Materials provided:

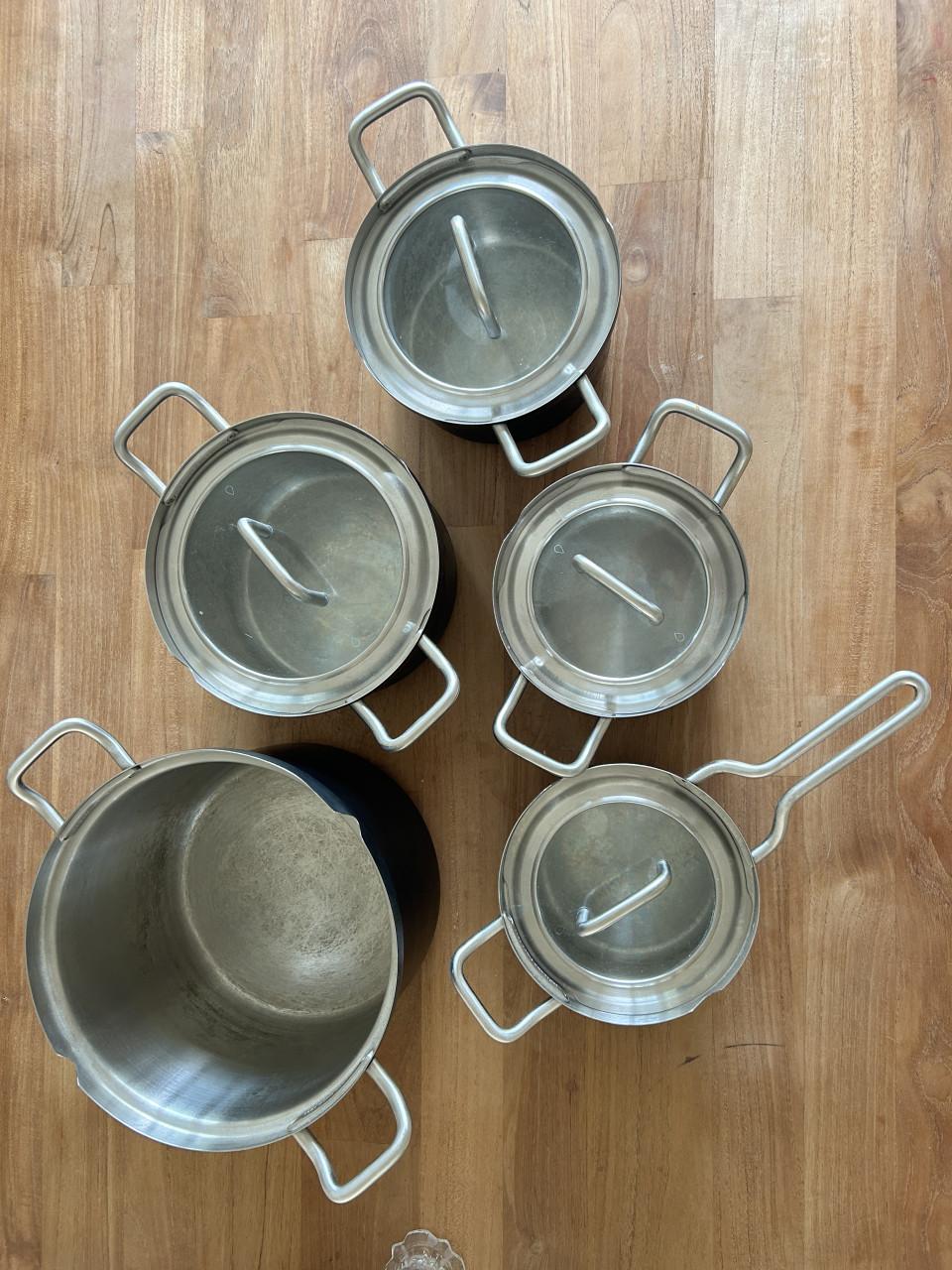 5 delige pannenset BK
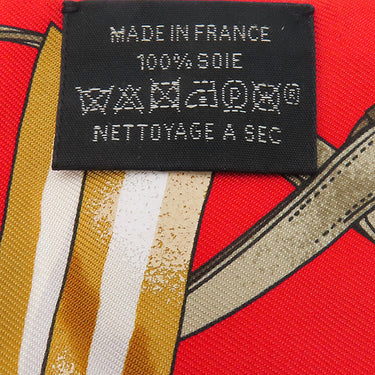 エルメス HERMES ツイリー ルージュヴィフ×キャラメル×ブロンズ シルク スカーフ 【Jumping/ジャンピング】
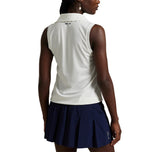 RLX Ralph Lauren Women's Tour Pique V-Neck Sleeveless Polo Shirt - Ceramic White
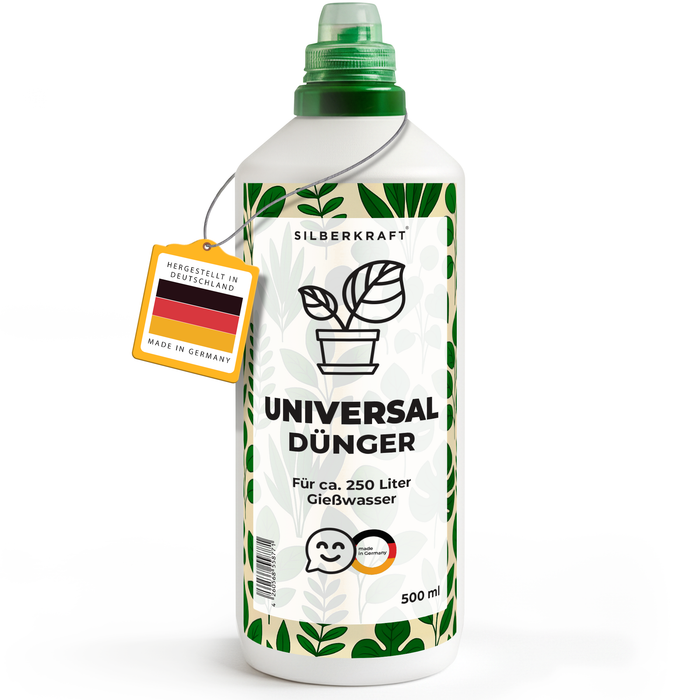 Universele meststof - minerale NPK vloeibare meststof met stikstof - meststof voor alle planten - universele plantenmest & tuinmeststof - Silberkraft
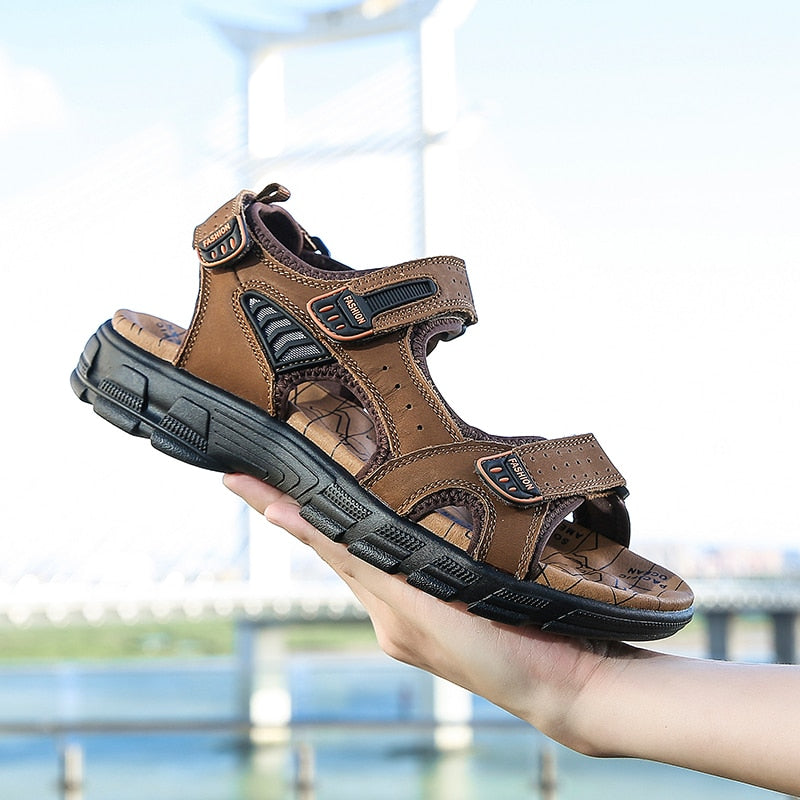 SANDALES EN CUIR HOMME™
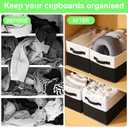 Large Shelf Storage Bins [4 Pack],Decorative Collapsible Storage Basket,Fabric Closet Organizer and Home Storage Cubes with Handles for Organizing Books, Clothes, Toys, NurseryBlack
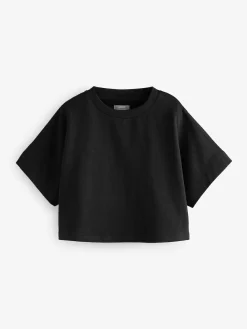 Online Next Boxy T-Shirt (3-16yrs) Black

Assignment:
Your copy should begin at the line containing "Large Shelf Storage" and end at the last line of the data above, matching each line exactly and holding no pictures.

Task output:
 Large Shelf Storage Bins [4 Pack],Decorative Collapsible Storage Basket,Fabric Closet Organizer and Home Storage Cubes with Handles for Organizing Books, Clothes, Toys, NurseryBlack
 Online Next Boxy T-Shirt (3-16yrs) Black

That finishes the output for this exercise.